What is the proper basis for appealing a criminal conviction?

| Jan 14, 2015 | Civil Appeals

New Jersey residents may wish to know more about how they can appeal a criminal conviction. Depending on the specific facts of the case, there could be grounds for overturning the verdict.

Because the U.S. court system has a preference for respecting the decisions of a lower court, it can be difficult to overturn those verdicts through appeals. There are only two major types of errors that allow a person to appeal. The first is when the lower court made a clear mistake regarding the law. The second situation is where the evidence shown did not support the final verdict in the trial.

When the error of law made in the trial seriously affects the rights of the defendant, this could be the basis for appealing the verdict. Generally, it does not matter whether or not the court was given notice of the error during the trial. This first type of error is easier to prove than the second. Due to the fact that an appellate court will not hear new witness testimony, the appealing party may have difficulty in showing that the evidence was insufficient. The appellate court will, however, read over transcripts and other trial documents.
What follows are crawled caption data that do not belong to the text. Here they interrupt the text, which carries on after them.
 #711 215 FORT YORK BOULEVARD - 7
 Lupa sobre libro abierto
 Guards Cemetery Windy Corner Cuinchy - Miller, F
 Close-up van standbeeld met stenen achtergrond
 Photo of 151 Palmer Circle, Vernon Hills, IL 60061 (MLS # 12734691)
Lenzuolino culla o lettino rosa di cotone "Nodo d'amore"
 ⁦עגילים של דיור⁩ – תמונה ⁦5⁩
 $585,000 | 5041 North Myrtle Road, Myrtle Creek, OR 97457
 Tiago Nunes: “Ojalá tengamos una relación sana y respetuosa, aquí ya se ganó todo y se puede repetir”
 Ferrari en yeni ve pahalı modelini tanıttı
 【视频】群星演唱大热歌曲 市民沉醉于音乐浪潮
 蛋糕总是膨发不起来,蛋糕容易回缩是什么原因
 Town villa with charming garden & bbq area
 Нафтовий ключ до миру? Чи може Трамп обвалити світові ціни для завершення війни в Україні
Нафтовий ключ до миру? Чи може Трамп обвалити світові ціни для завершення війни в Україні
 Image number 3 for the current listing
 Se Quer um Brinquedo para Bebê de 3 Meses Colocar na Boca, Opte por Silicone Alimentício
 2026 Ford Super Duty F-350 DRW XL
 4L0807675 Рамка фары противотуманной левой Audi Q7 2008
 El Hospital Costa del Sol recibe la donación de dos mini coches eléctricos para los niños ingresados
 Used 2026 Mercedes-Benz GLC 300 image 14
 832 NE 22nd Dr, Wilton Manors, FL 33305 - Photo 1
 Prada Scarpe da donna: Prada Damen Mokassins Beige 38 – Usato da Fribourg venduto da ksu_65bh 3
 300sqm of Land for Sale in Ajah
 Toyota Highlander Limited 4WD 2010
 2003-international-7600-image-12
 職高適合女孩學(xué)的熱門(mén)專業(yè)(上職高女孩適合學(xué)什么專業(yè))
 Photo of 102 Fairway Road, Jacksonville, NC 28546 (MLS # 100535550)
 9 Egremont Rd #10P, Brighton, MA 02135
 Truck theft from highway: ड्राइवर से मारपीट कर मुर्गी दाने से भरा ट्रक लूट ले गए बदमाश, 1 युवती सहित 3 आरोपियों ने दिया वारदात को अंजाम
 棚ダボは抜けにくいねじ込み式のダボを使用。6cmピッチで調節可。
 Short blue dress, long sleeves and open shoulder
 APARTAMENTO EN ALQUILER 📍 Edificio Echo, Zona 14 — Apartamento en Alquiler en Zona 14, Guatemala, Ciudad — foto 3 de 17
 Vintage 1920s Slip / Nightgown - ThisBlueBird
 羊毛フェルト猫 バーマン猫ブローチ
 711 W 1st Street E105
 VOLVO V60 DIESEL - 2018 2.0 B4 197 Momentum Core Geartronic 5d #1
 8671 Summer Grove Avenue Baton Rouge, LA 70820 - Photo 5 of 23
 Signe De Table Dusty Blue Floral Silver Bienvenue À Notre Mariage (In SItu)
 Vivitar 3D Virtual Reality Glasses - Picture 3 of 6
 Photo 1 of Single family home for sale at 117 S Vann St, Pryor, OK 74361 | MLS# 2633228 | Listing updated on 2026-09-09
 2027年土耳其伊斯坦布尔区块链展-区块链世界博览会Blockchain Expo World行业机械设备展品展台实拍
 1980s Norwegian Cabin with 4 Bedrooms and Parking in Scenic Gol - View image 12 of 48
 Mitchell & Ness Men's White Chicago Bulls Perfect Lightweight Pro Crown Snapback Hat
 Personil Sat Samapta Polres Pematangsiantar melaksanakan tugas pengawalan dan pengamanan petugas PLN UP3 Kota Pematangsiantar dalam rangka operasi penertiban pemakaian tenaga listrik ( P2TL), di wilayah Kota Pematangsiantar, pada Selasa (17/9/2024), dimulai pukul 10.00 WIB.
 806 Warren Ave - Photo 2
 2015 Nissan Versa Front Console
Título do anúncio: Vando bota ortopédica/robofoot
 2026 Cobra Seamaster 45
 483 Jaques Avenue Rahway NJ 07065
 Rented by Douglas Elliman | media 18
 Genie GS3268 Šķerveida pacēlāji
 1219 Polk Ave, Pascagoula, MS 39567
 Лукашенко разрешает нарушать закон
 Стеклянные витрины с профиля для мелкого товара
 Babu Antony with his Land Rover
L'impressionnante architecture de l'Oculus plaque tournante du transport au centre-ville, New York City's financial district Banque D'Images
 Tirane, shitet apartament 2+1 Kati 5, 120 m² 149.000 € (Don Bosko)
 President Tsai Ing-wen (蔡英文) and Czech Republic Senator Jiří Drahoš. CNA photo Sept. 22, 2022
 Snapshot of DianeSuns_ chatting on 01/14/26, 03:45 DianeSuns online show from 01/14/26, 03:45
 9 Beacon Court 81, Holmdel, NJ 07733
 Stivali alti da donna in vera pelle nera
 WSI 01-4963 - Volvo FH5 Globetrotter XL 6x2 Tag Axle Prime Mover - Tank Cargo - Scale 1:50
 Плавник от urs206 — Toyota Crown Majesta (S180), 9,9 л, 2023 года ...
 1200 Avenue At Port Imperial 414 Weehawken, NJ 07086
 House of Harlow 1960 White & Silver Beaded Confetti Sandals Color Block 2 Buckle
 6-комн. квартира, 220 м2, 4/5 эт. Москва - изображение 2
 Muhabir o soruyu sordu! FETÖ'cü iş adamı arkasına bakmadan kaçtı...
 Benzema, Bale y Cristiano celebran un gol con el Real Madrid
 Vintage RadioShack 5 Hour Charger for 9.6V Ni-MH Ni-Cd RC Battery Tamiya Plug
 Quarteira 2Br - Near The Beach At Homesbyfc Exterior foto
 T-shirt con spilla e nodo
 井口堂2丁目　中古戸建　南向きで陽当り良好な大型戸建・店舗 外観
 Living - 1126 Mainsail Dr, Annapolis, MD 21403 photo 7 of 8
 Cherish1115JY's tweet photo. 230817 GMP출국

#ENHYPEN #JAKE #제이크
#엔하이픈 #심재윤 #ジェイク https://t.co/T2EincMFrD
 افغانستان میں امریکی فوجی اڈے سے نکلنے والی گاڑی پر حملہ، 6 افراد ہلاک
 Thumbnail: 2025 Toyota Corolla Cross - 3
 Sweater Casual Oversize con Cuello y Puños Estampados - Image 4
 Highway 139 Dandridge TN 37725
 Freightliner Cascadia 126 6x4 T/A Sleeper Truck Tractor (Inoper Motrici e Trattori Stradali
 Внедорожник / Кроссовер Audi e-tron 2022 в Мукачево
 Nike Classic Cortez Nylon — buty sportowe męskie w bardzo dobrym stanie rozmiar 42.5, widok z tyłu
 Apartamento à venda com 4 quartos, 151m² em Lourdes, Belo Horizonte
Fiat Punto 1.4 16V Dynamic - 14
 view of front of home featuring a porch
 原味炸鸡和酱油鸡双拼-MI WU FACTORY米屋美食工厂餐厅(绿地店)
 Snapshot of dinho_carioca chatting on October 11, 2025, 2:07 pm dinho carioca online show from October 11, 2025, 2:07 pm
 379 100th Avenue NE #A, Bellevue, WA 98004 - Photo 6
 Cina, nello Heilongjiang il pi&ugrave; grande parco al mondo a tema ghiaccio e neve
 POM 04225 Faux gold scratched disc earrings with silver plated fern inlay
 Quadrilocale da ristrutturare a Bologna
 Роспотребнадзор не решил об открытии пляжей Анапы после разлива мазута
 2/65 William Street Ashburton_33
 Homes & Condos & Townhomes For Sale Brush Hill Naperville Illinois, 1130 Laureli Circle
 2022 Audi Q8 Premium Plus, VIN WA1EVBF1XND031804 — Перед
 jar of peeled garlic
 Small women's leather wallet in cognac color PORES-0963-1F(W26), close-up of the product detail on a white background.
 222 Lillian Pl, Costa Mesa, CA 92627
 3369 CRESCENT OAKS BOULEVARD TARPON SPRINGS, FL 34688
The error must be large enough that it is obvious from looking at these materials.

Most importantly, the error present in the original trial must be significant enough to have made an impact in the case. Such errors in the case will not be grounds for an appeal of the verdict.

Every person’s specific situation has different facts, so this article should not be seen as specific legal advice. An attorney with experience in appeals may be able to help assess the situation and determine the appropriate course of action. They may also be able to represent the person throughout the appeals process.